C: New therapeutic data
Sharon Walmsley presented Canadian trial data from a chart review of subjects given salvage therapy with either lopinavir (LPV/r) N=35, or amprenavir plus lopinavir (AMP/LPV/r) N=33 with no significant differences in baseline variables between the two groups [P66]. After various time-points to 12 months 33% of the combination group compared to 37% of the LPV/r only group had HIV RNA <50copies/mL where as T4 rises were greater in the combination arm. There does not appear to be a significant advantage or disadvantage as revealed in this study of either approach in salvage treatment. An intensive metabolic study of amprenavir in 12 men and 2 women showed this agent when in combination with abacavir and lamivudine to be associated with worsening oral glucose tolerance and increased fasted lipids [P103]. A decrease in insulin sensitivity occurred, associated with truncal fat accumulation but no fat loss. The insulin resistance appeared only when fat accumulated suggesting a different mechanism than the early IR seen with indinavir.

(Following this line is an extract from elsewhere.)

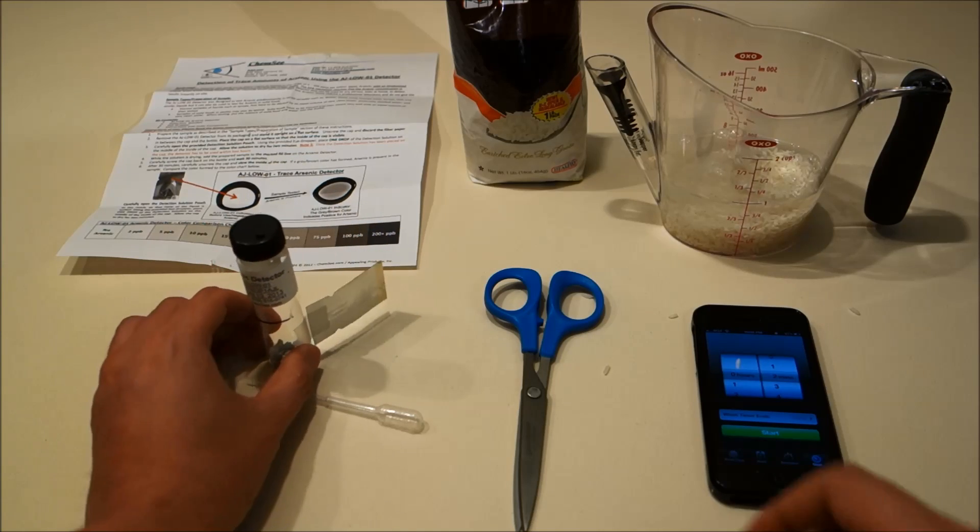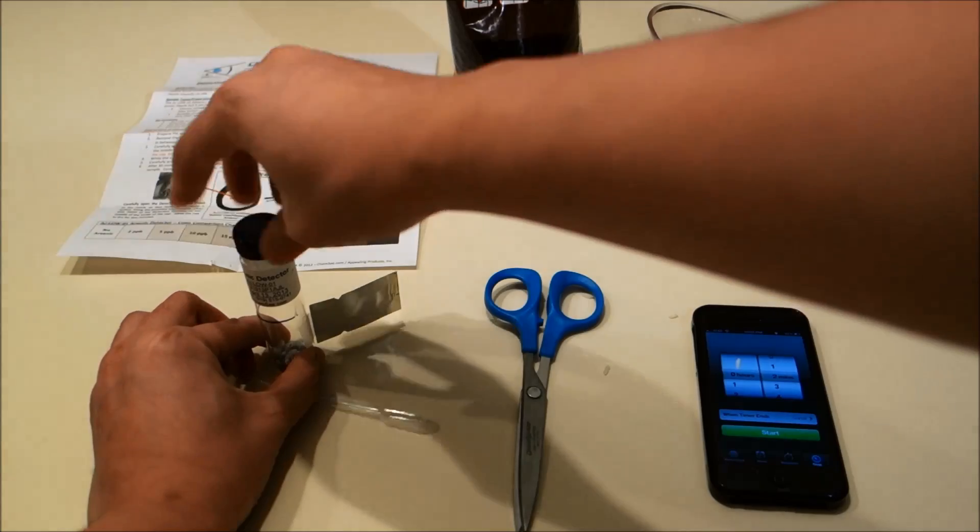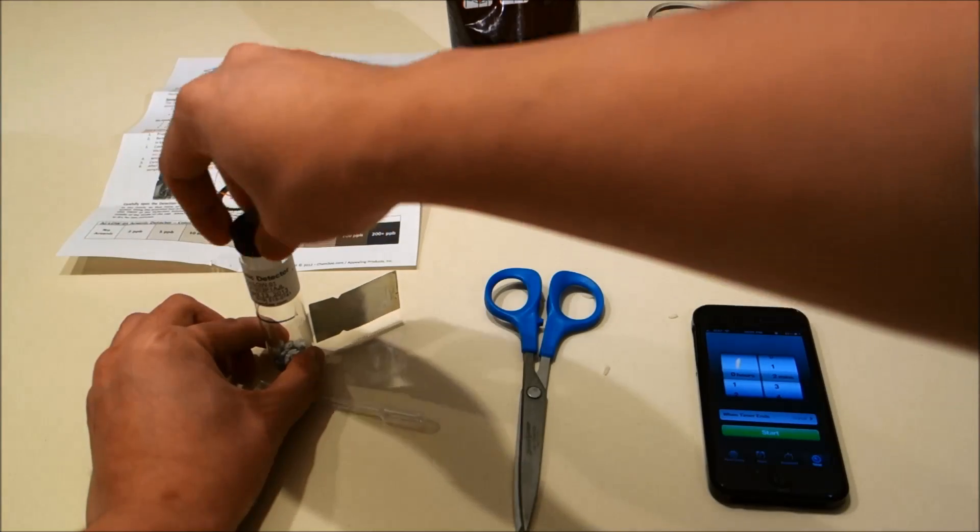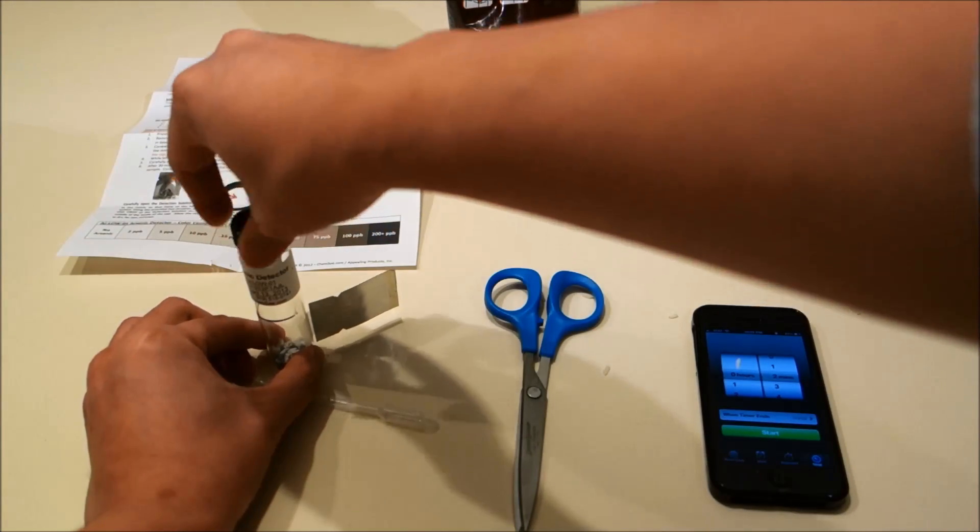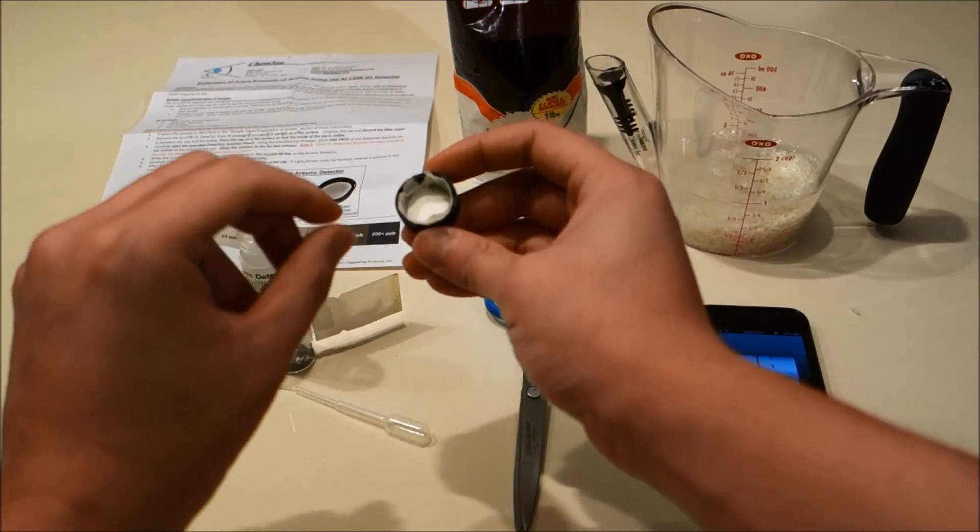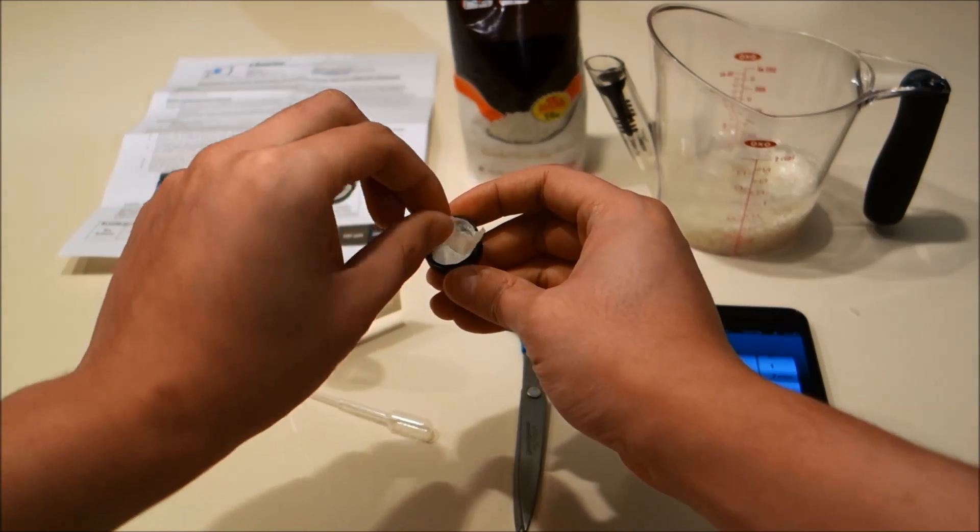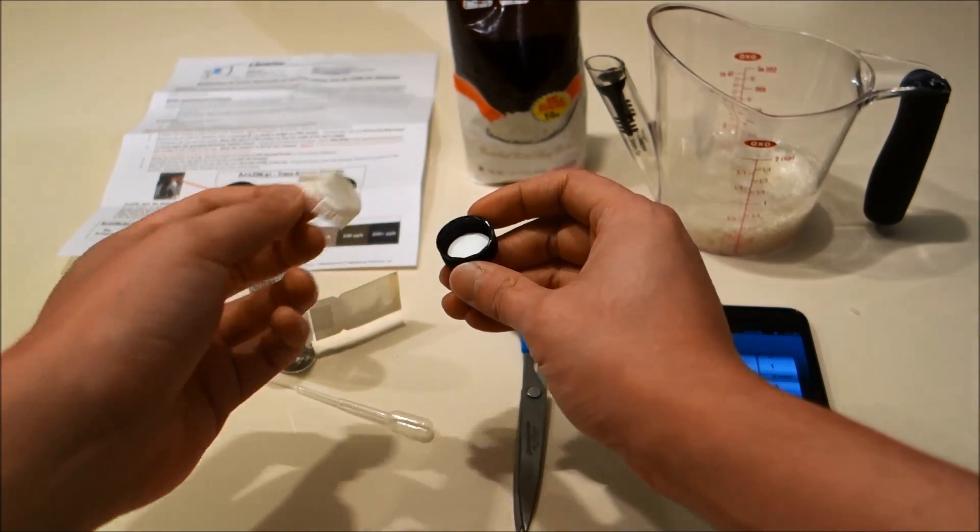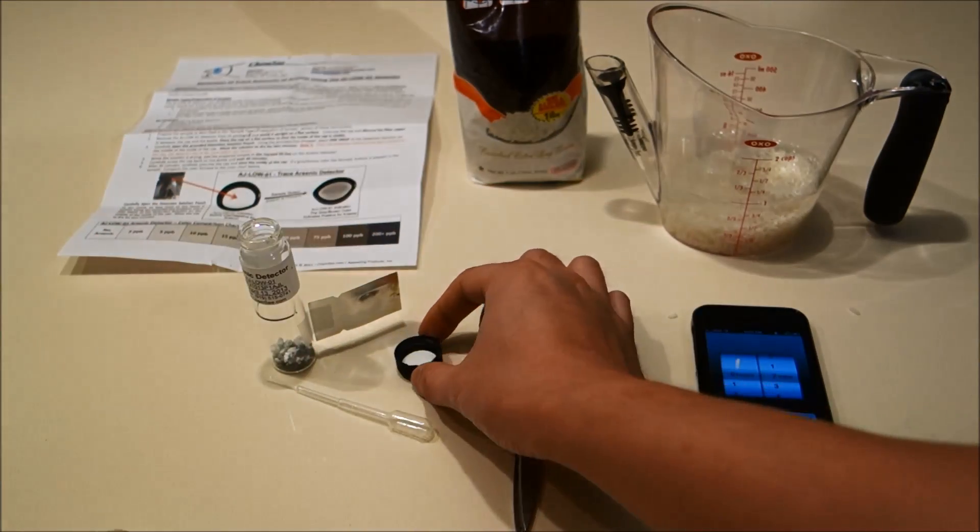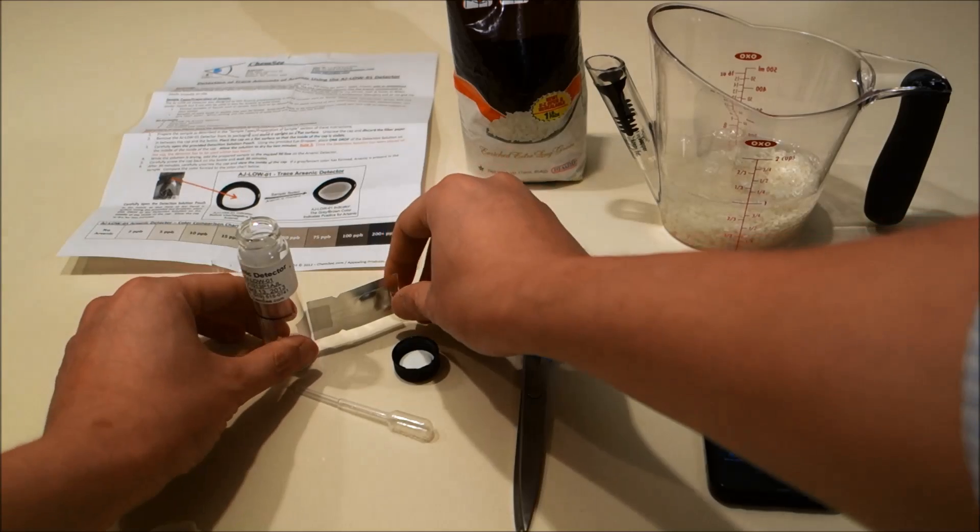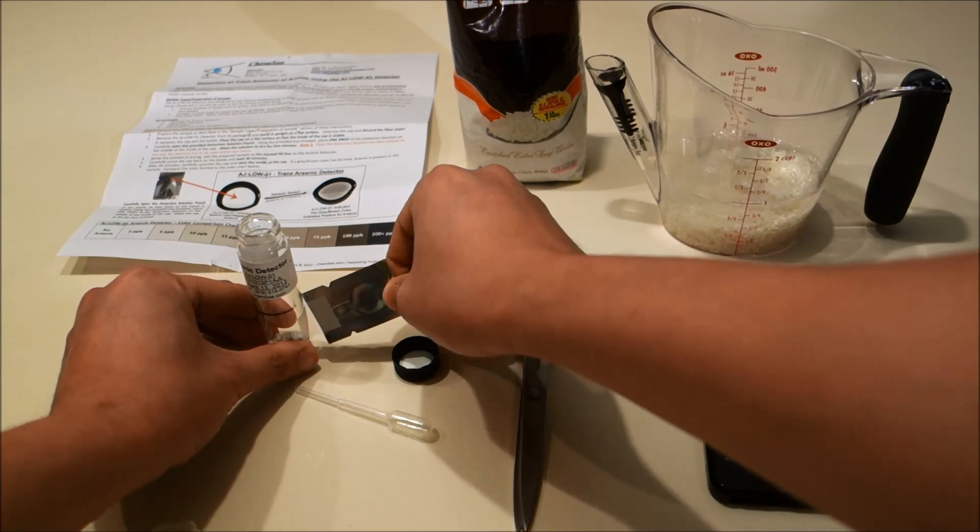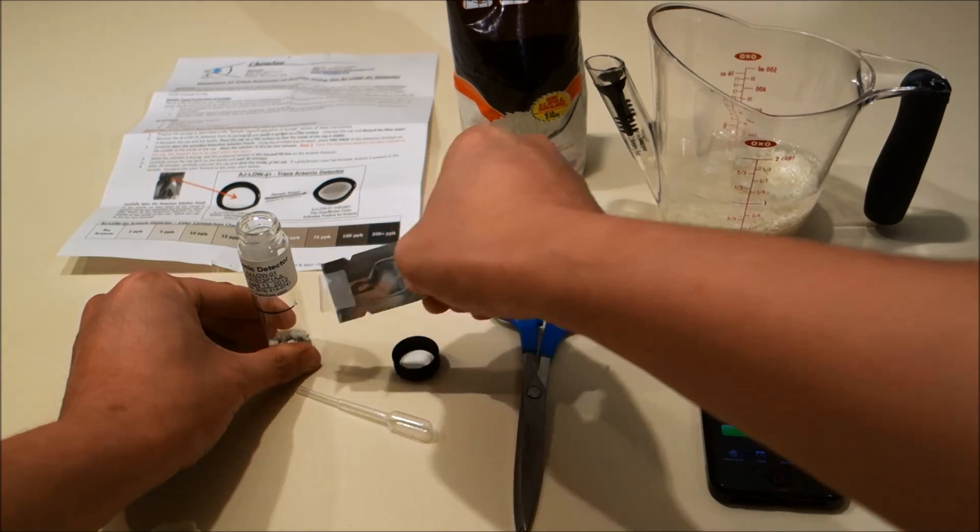So to start, we're going to remove the detection cap from the vial and remove the filter paper that's attached to it. Next, we're going to remove the solution pack attached to the side of the vial.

The first data from the long awaited MaxCmin study run by the Copenhagen HIV program was presented by Ulrik Bak-Dragsted [O10]. In this study both experienced and na´ve patients were enrolled who had not had a ritonavir boosted protease inhibitor regimen. They were randomised to either saquinavir 1000mg bid or indinavir 800mg bid with ritonavir 100mg bid as a pharmacokinetic enhancing agent to push up the drug levels of the other agents. The data on 306 subjects shown were to 24 weeks and as an interim analysis no formal statistics were performed. However there did not appear to be any difference in terms of vial load suppression or CD rise in either arm and although slightly higher rates of adverse events were seen in the indinavir arm there were no differences in discontinuations between the two groups. The data out to 48 weeks will be fascinating as will be the next study, MaxCmin 2 which pitches lopinavir/ritonavir against saquinavir /ritonavir data for which will be available late 2002.